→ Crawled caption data
- Opening Delimiter -

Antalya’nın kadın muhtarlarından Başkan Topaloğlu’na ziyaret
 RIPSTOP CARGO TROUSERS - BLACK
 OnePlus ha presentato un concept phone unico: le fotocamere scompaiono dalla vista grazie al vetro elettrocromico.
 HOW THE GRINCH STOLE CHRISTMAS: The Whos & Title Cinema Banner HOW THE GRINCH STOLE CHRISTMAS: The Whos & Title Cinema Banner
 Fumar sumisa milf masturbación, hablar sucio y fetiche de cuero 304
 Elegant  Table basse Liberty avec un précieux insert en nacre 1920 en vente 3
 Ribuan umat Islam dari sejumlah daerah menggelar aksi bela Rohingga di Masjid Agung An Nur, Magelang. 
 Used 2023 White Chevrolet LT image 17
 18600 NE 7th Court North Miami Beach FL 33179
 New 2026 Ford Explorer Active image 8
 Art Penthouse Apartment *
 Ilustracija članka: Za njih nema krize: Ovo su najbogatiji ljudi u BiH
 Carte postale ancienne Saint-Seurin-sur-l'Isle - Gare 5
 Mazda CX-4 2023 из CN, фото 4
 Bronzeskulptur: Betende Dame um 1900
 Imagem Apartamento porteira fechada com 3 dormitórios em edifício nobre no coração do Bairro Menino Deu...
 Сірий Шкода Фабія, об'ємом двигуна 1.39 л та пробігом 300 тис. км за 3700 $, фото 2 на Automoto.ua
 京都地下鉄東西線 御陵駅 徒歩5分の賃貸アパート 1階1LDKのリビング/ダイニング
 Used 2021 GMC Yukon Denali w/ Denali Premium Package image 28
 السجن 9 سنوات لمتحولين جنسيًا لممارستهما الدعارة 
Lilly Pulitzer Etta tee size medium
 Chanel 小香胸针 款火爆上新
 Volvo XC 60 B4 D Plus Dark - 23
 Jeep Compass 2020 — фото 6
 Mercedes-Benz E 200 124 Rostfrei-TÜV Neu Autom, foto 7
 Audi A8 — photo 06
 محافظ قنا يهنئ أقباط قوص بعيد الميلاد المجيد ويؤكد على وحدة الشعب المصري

- Closing Delimiter -

→ Instructions for the task
Each line from the top of the entries above through the line containing "OnePlus ha presentato" must be transcribed exactly, and no other line may appear.

→ Reply
Antalya’nın kadın muhtarlarından Başkan Topaloğlu’na ziyaret
 RIPSTOP CARGO TROUSERS - BLACK
 OnePlus ha presentato un concept phone unico: le fotocamere scompaiono dalla vista grazie al vetro elettrocromico.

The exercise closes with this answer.